* What you should do
Copy the records below exactly, starting at the line that contains "6 Grover Street Concord NH 03301" and ending at the line that contains "2013-14 Hoffenheim Puma"; leave out any pictures.

* Task data
-=-=-

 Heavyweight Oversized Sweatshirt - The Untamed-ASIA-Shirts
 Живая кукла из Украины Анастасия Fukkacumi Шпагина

-=-=-

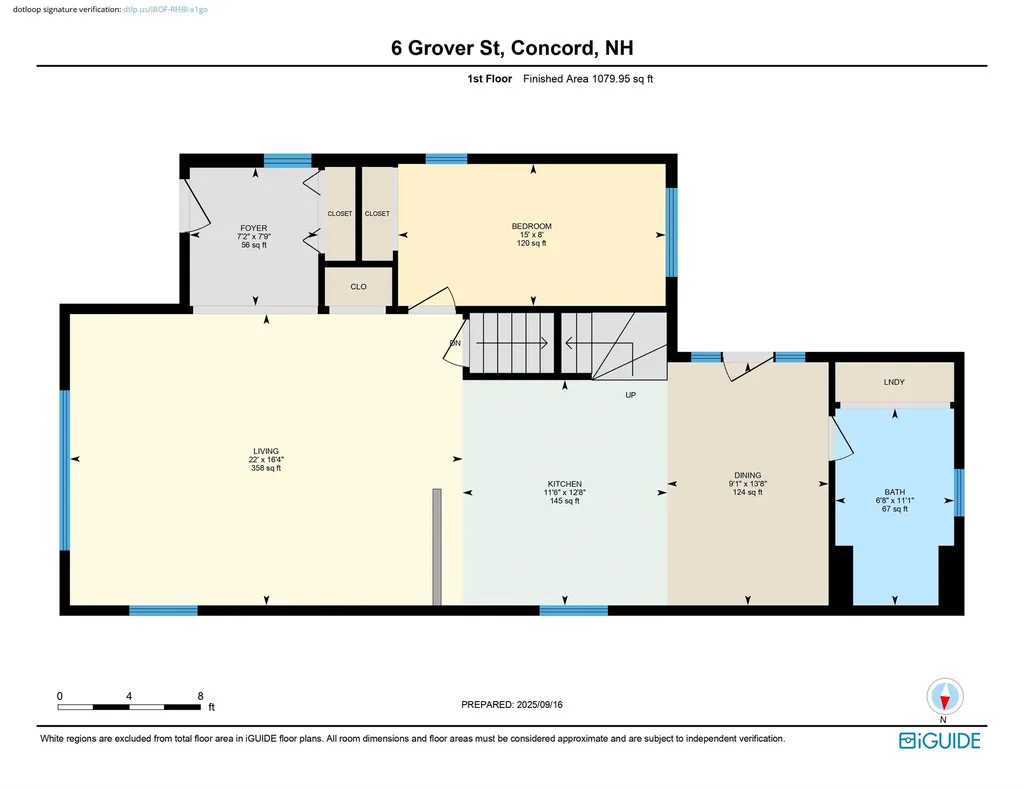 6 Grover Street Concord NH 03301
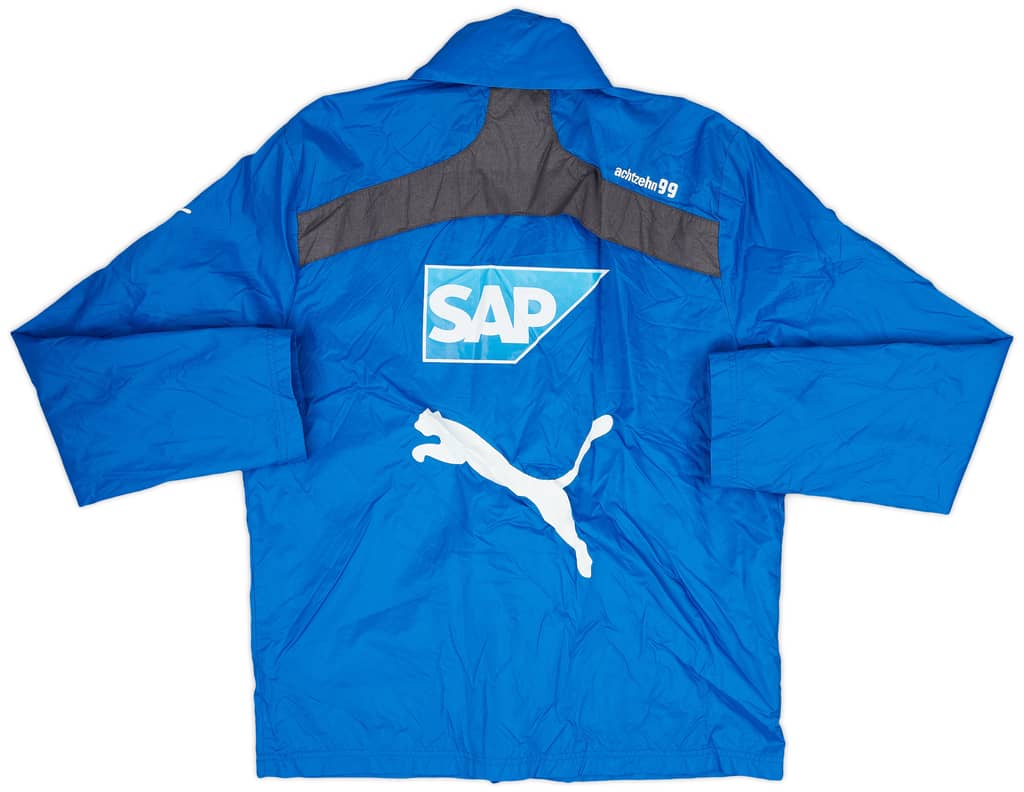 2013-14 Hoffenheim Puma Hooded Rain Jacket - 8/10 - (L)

-=-=-

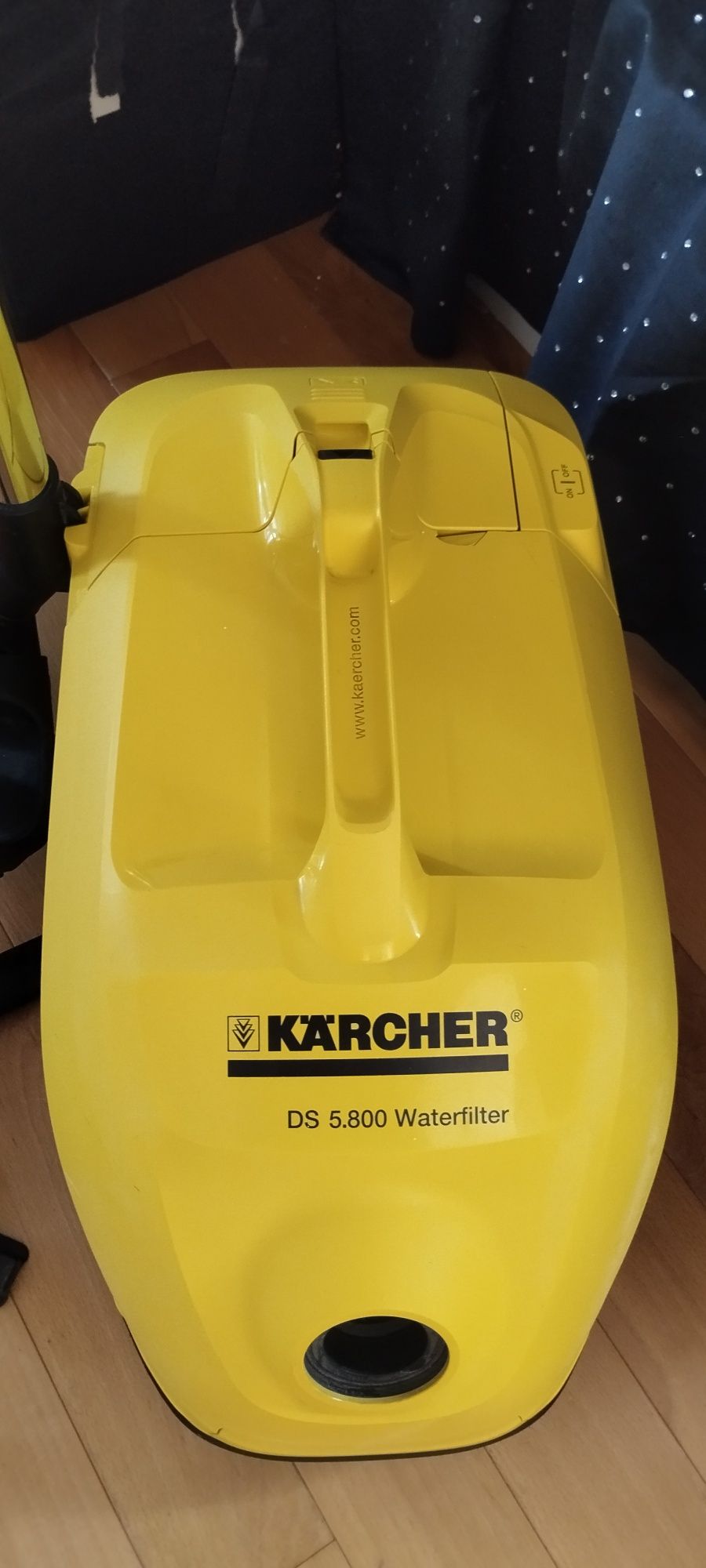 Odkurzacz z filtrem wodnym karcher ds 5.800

-=-=-

* Task answer
 6 Grover Street Concord NH 03301
 2013-14 Hoffenheim Puma Hooded Rain Jacket - 8/10 - (L)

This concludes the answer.